When a school shuts down in rural Alaska, a community ceases to exist. Such a situation can be a school administrator’s nightmare, and in more than 25 districts across the state that nightmare could soon become reality.
A bill hasn’t been drafted, introduced or signed, but whispers in the Alaska Legislature to increase the minimum student count to be eligible for state funding was reason enough for the Alaska Superintendents Association (ASA) to take action. Currently rural schools must have at least 10 students.
ASA released a special resolution Oct. 1 explaining any such move by the Legislature would have a “significantly disparate impact on rural communities and Alaska Natives.”
Juneau School District Superintendent Mark Miller attended a September meeting of school administrators where the resolution was drafted. It will be presented to lawmakers during the next legislative session.
“They’re not talking about increases, if you know what I mean,” Miller said of lawmakers’ possible intentions with education funding. “Education right now has a big target on our backs because we’re a very expensive operation.”
That “target” is an especially heavy load for Lake and Peninsula Borough Schools Superintendent Ty Mase. According to 2014-15 enrollment figures, less than 25 students are enrolled in nine of the district’s 14 schools. The rumored new cutoff number for state funding is 25.
“For us, it would wipe out the entire Alaska Peninsula,” Mase said, adding that his district created its own resolution against legislative changes. It was based on this that ASA created its own.
Mase did not want to name specific legislators he believed could be behind such a change. In a letter from Mase to the Lake and Peninsula school board members, Mase wrote he believed State Sen. Mike Dunleavy, R-Wasilla, was working with others to raise the minimum to 25.

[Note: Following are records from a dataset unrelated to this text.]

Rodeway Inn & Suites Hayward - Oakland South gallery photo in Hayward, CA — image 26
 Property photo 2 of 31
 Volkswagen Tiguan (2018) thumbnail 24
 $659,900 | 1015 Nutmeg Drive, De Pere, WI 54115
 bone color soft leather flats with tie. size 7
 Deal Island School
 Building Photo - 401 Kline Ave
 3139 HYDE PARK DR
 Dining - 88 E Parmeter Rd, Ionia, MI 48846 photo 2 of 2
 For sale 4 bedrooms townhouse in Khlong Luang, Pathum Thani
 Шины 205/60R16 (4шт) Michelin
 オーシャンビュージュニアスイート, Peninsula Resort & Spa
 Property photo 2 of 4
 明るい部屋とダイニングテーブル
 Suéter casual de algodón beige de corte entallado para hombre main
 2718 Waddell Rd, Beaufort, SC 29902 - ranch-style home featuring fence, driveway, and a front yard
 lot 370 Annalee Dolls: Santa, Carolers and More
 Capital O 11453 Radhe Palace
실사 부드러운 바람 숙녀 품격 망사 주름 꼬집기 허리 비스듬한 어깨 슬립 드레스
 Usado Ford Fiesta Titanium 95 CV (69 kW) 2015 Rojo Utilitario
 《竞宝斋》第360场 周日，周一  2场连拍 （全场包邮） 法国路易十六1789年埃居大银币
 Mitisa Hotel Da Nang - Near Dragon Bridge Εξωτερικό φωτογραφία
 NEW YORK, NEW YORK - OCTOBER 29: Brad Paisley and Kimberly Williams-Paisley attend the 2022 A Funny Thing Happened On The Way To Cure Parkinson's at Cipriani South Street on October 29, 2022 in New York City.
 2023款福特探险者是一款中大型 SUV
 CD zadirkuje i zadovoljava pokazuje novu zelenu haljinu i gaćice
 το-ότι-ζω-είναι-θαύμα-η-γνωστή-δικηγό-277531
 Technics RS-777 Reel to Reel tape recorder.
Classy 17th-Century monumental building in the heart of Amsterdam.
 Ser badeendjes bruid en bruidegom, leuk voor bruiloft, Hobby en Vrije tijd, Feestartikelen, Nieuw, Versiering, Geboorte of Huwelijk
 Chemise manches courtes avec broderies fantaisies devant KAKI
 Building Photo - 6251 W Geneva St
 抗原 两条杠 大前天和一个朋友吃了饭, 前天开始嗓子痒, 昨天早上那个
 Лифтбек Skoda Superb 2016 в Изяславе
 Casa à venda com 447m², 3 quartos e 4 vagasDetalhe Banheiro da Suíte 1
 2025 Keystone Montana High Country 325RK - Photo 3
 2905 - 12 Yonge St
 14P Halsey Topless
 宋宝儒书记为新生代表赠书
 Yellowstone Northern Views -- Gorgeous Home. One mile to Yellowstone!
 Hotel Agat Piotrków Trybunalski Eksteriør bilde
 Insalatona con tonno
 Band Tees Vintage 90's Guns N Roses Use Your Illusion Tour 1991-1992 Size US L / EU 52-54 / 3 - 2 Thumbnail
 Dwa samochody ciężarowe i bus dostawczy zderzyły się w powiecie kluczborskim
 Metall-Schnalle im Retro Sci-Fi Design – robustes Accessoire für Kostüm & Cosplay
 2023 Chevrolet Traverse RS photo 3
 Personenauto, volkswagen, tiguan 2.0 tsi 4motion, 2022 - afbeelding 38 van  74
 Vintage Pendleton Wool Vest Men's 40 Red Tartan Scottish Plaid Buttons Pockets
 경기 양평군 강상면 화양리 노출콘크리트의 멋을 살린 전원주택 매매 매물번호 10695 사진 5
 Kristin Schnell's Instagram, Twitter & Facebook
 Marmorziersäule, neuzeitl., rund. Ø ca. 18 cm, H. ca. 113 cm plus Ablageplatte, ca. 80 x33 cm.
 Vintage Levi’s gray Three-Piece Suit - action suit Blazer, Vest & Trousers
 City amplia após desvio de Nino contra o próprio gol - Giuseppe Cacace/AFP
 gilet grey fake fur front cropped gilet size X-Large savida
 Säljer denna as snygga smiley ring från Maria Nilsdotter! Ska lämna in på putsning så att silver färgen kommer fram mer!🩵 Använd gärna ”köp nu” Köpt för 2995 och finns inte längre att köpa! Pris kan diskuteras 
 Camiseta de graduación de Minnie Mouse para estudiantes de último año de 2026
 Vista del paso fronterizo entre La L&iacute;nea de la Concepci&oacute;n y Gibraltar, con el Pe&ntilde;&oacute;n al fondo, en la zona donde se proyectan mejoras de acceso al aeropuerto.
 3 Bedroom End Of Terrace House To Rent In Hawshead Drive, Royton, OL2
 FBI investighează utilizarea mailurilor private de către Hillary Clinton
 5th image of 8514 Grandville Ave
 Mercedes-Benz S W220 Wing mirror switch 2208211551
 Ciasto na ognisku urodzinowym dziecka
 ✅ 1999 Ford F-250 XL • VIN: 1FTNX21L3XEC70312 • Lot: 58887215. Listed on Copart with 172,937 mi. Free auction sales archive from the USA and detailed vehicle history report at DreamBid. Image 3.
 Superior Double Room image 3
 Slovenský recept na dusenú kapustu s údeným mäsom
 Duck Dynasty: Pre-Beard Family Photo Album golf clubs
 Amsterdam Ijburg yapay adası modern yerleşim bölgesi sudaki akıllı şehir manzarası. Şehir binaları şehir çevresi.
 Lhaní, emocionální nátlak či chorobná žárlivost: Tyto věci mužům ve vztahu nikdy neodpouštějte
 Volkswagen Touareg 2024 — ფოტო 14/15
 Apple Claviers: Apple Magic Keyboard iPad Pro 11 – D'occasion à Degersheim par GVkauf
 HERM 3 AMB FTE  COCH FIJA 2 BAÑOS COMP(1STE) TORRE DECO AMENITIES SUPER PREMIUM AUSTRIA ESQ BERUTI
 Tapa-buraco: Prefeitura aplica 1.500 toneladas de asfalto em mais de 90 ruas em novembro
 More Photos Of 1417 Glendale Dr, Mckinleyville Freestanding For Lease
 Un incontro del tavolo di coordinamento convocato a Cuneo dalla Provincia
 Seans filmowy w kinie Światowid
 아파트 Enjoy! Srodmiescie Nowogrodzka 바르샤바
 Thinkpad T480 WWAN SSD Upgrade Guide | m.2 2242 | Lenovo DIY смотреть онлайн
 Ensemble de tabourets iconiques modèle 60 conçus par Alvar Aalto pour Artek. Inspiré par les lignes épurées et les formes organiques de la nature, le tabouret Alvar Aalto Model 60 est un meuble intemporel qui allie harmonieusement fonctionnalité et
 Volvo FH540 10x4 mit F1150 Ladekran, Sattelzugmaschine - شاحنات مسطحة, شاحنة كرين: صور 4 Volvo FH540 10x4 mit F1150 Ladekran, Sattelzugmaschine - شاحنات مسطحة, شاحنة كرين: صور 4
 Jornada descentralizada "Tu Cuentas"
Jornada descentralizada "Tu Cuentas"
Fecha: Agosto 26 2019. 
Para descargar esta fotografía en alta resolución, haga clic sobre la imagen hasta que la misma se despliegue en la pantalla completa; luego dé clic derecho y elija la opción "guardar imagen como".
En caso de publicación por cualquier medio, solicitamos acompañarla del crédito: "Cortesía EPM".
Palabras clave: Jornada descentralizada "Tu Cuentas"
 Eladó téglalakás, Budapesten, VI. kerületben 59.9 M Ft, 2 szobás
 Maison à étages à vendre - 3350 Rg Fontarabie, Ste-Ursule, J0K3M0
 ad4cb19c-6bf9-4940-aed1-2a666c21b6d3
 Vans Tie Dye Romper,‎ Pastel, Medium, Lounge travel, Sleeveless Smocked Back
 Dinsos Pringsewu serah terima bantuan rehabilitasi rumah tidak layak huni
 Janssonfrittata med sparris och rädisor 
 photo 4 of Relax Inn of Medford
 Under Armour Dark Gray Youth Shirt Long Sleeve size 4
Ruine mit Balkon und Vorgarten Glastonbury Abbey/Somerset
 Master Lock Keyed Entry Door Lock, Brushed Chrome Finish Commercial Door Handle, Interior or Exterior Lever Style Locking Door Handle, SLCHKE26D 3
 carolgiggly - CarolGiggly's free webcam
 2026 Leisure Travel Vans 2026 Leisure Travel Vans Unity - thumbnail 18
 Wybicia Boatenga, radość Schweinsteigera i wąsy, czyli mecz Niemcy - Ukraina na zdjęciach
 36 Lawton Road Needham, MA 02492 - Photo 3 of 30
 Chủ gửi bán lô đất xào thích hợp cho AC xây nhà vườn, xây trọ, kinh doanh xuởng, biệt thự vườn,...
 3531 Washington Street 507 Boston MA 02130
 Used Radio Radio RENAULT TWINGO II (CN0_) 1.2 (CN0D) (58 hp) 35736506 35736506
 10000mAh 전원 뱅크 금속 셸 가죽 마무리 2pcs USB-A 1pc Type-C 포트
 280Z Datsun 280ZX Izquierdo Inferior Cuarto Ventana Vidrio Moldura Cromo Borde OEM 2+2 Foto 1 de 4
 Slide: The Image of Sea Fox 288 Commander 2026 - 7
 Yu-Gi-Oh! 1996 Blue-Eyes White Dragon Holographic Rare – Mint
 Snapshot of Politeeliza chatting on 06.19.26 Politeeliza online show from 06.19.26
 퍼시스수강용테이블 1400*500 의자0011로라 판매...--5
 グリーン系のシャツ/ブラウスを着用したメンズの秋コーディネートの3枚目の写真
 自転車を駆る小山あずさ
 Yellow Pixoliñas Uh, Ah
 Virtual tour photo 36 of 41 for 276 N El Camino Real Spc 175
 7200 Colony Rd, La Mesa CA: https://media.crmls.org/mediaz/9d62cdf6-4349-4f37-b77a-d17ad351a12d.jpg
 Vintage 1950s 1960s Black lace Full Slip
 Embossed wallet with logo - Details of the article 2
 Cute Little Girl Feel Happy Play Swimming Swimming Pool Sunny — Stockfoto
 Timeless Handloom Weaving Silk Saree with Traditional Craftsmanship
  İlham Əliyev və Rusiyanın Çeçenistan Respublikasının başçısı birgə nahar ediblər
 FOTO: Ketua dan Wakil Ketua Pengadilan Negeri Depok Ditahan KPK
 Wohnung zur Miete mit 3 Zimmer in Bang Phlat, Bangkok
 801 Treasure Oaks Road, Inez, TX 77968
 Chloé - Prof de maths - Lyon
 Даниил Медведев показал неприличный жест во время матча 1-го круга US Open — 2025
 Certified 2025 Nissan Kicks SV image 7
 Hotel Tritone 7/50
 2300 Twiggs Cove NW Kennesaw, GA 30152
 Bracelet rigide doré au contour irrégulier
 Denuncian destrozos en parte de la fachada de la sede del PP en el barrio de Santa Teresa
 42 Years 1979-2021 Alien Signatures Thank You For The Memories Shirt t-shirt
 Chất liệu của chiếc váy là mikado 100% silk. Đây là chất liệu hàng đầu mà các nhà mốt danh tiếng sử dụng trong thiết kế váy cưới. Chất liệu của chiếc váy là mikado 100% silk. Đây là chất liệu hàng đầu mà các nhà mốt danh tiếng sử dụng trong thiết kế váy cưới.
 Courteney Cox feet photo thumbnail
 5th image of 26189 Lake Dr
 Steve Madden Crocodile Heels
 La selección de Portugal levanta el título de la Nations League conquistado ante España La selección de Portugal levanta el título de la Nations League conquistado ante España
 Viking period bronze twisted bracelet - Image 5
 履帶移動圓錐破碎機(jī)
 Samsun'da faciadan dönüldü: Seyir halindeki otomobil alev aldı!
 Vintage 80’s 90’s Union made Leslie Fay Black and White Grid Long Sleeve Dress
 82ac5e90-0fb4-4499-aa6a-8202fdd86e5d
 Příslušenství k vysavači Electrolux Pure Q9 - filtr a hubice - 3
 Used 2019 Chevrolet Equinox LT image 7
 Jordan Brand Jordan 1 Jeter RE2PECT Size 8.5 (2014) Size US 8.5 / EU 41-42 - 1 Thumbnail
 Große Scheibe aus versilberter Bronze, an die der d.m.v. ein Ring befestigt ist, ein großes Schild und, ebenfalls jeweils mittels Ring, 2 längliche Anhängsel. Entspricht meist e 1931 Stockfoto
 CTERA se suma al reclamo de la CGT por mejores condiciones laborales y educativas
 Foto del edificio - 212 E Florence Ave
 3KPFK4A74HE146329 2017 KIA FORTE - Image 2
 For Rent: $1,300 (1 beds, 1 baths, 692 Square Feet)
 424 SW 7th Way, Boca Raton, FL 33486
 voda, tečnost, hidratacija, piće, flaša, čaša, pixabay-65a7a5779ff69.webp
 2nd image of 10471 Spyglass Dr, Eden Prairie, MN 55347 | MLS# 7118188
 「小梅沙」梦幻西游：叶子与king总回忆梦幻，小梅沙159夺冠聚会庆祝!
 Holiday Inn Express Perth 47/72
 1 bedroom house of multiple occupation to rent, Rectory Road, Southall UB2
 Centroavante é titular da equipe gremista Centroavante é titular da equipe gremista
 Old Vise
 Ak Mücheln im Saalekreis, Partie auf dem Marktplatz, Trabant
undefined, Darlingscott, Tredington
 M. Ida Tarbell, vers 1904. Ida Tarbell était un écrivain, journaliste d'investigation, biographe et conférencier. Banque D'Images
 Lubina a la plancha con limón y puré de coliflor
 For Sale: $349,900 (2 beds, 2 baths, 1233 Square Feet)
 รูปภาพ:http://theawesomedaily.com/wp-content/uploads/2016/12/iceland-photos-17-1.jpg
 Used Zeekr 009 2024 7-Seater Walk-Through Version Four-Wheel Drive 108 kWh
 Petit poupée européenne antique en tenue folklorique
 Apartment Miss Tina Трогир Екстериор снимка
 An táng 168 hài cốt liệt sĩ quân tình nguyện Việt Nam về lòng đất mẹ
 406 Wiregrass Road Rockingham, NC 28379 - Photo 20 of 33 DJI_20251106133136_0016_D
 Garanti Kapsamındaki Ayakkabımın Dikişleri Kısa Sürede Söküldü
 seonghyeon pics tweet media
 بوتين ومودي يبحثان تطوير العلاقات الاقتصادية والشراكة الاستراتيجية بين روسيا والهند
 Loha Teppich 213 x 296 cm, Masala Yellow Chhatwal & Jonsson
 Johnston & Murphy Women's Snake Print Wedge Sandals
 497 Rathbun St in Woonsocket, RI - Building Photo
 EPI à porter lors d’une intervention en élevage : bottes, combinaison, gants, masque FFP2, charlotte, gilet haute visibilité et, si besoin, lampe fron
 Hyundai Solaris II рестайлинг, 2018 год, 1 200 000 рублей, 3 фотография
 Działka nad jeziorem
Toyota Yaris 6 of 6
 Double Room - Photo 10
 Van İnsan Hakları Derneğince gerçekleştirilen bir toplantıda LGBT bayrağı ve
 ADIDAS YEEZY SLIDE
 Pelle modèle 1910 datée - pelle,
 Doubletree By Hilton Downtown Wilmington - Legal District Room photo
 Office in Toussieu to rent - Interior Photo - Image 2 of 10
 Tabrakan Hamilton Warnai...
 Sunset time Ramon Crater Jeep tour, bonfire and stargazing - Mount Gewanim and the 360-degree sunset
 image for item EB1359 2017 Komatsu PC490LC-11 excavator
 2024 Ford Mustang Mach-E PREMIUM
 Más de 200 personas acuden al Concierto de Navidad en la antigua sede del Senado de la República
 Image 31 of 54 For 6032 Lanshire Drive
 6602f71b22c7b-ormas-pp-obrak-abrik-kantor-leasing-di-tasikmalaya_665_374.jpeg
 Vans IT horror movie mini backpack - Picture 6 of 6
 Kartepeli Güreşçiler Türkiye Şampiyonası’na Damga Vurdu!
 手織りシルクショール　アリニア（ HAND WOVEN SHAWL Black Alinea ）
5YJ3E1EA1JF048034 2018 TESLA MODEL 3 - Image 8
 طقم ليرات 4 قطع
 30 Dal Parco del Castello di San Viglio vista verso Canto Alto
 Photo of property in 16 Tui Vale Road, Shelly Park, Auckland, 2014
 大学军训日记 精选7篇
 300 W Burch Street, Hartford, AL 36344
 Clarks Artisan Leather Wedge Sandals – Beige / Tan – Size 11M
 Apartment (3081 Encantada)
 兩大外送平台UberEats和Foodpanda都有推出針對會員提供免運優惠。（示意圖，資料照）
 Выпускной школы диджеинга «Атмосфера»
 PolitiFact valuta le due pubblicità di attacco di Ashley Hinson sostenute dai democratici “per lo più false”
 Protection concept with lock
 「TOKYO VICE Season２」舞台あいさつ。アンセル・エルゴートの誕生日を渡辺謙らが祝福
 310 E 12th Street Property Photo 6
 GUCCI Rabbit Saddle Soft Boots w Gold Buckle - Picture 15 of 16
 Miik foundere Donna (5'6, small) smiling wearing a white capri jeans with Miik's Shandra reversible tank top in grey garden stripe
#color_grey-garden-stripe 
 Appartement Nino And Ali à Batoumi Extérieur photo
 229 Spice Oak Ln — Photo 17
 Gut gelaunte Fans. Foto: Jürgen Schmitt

Dunleavy could not be reached by press time for comment. Mase said he isn’t waiting for a confirmation, by then it could be too late to create the necessary waves to knock the legislation down.
“It shouldn’t even be out there as a bargaining chip. We’re talking about kids and education and culture,” Mase said. “They’re trying to balance the educational budget on the backs of small, rural communities. It doesn’t seem fair.”
In Mase’s district, the nine schools that could close if minimum enrollment was changed to 25 would affect a student body made up of 76.7 percent Alaska Native students.
Just outside of Haines, Chatham Schools Superintendent Bernie Grieve said Mase isn’t the only one who’s heard this buzz. Except he’s also heard the number 50 thrown around, a number that would shut down half of Grieve’s district and completely wipe out even more.
“I’ve seen it happen where schools have had to close and a community can die out. It no longer exists,” Grieve said. “It’s the kids that ultimately suffer.”
At Klukwan School, where students go from pre-kindergarten to 12th grade, enrollment was 14, according to last year’s student report. Of those, 50 percent are Native Alaskan. If these students had to travel 20 miles south to Haines for their education, Grieves said it would be more than an inconvenience — it could be a danger.
“All it would take is one accident and you could wipe out the younger generation,” Grieves said. “All it would take is a major mudslide or rock slide. I don’t think the state takes a lot of that into account when they take these things into consideration.”
Lisa Parady, the Alaska Council of School Administrators executive director and ASA staff member, said school officials are aware the Legislature is facing unprecedented budget pressures, but legislators have to keep in mind the devastation such a change could create and what this means for school children’s constitutional rights.
“It’s too simple to say ‘let’s balance our budget on the backs of rural and Alaska Native students,’” Parady said. “The State does have a fundamental responsibility to educate every child, and so you have to provide something, which that something has to be adequate. So therein, I think, lies the question.”
For students affected by a school closure, home schooling isn’t always a viable option, Mase said, adding that he suspects students in his district would either work toward a GED or leave their families behind to attend boarding schools, tearing villages apart.
The ASA resolution addresses the possibility of the state falling back on correspondence programs, declaring that studies have not found these alternatives are “constitutionally sufficient or adequate.”
In larger cities such as Juneau, Fairbanks or within the Mat-Su Borough School District, changing the minimum to 50 could affect one or two smaller schools. The Alaska Department of Education and Early Development bases funding for juvenile residential centers such as the Johnson Youth Center on beds, 28, not an enrollment figure, which last year was eight.
While a few larger districts could lose a speciality school, 10 districts could have to plan for a future with half the resources. The ASA special resolution, Mase said, is a proactive measure to win the battle before the Legislature even steps into the ring.
“Our plan is our actions now will stop the idea now,” Mase said. “We don’t want to watch this go down without a fight.”